Kayte,
My first FeLV+ cat was also the first cat that I
ever owned on my own. I'd
grown up with all sorts of critters, but it took a
few years after
graduating college to finally get in a situation
where I could own my first
"all mine" pet. I'd been wanting this cat forever.
I found Sushi at a shelter, she was 2 years old and
demanded that I take her
home that very instant. I L-O-V-E-D that cat. The
shelter had tested for
leukemia and FIV before I adopted her and she'd
tested negative. One month
after having her home, she was very lethargic. I
ran with her in a carrier
to a vet that I'd seen near my apartment, but I'd
never met. This was New
York City (Queens), so not having a car, and not
wanting to subject a cat to
a subway ride, I was pretty limited in my vet
choices. The vet was an ass.
He had no bedside manner. He made me feel like the
whole situation was my
fault. He'd HAVE to rehydrate, he'd HAVE to do
bloodwork, he'd HAVE to keep
her during the day - like I wasn't going to be
paying him for his efforts.
I was in tears, which didn't make him respect me any
more. Quite frankly,
he scared the hell out of me, and as it's all of our
deepest fears that it
really IS our fault, I was a mess. He retested her
for FeLV+ (she'd been
rescued from a house full of cats, so may have been
exposed close to rescue
and the first testing).

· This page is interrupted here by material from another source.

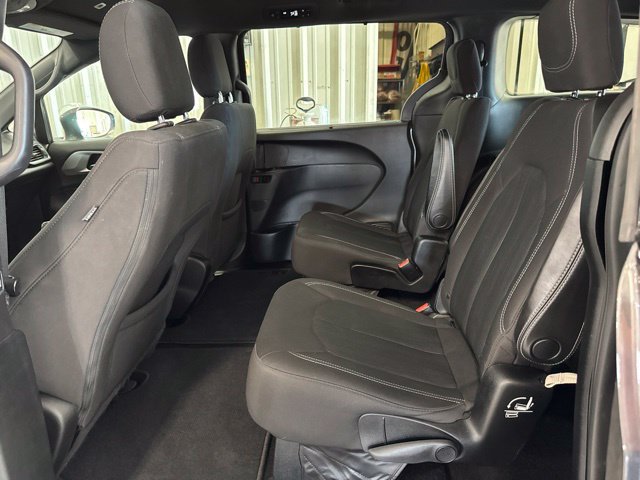 Used 2018 Chrysler Pacifica Touring Plus w/ S Appearance Package FWD image 7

I took her home as she'd
perked back up, the fluids
really helped, and she rebounded fully. Despite
this, when he called to
tell me that she was positive and anemic and had
"maybe" a month to live,
told me to expect to see rapid deterioration, blah,
blah, blah, I was again
distraught. The next week, against the back drop of
her romping around and
talking to herself, chasing bits of dust, knocking
things over (her favorite
was to knock my glass of water onto me at night),
trying to escape, I called
everyone that I knew hysterically telling them that
my cat was dying. The
vet said so.
Eventually, emotionally spent. I hung up the phone,
slumped down against
the wall and lethargically, tearfully gazed over at
her across the room.
Making eye contact, she marched over and placed a
World Cup worthy head butt
against my pathetic forehead. I giggled.
And I realized that I was being a dumass. Maybe she
had this disease.
Maybe she was dying, but who of us isn't? She
wasn't dead, and I was
wasting time being a melodramatic human. So instead
of focusing on how she
was going to die, I focused on how she was going to
live. I didn't have any
support, but I found a raw feeding list and, though
I didn't switch to raw
for a while, I started researching the feline diet.
And I put her on a
better food. And I moved into the city and found a
good vet. I took her in
for check-ups and loved the heck out of that cat
until she passed two years
after I'd adopted her of a heart attack (myocardial
infarction). Yes, my
life infarcted at that point, and I still miss my
sweet marshmallow-y
friend, who would lay on my arm at night and purr,
and gaze into my eyes
like she was proud of me. But she'd led me to
another positive cat to
adopt, Hepburn. And Hepburn led me to Satchmo that
I have today (also
positive). And Sushi, after all, after all that
that jerk vet said, never
did deterioriate. Never did succomb to the
leukemia.
I owned Hep for 2 1/2 years, she did die of FIP,
which was probably leukemia
related, but I'd gotten her as an older kitten, so
even there, she was on
the high end of her life expectency and she, too,
was an amazing, happy,
healthy cat until the end.
Satch I've had for two years now, I adopted him at 5
years old, so we don't
know when he was exposed to the virus, but he's the
biggest, stompiest guy
you'll ever have the pleasure of meeting, and other
than being susceptible
to URI's (which as long as I don't bring home sick
kittens that already have
URI's) hasn't been any problem. I have high hopes
for him going a very long
time. And I'm thinking of adopting him a friend -
either a positive kitten
or a negative adult cat - once he stops coughing.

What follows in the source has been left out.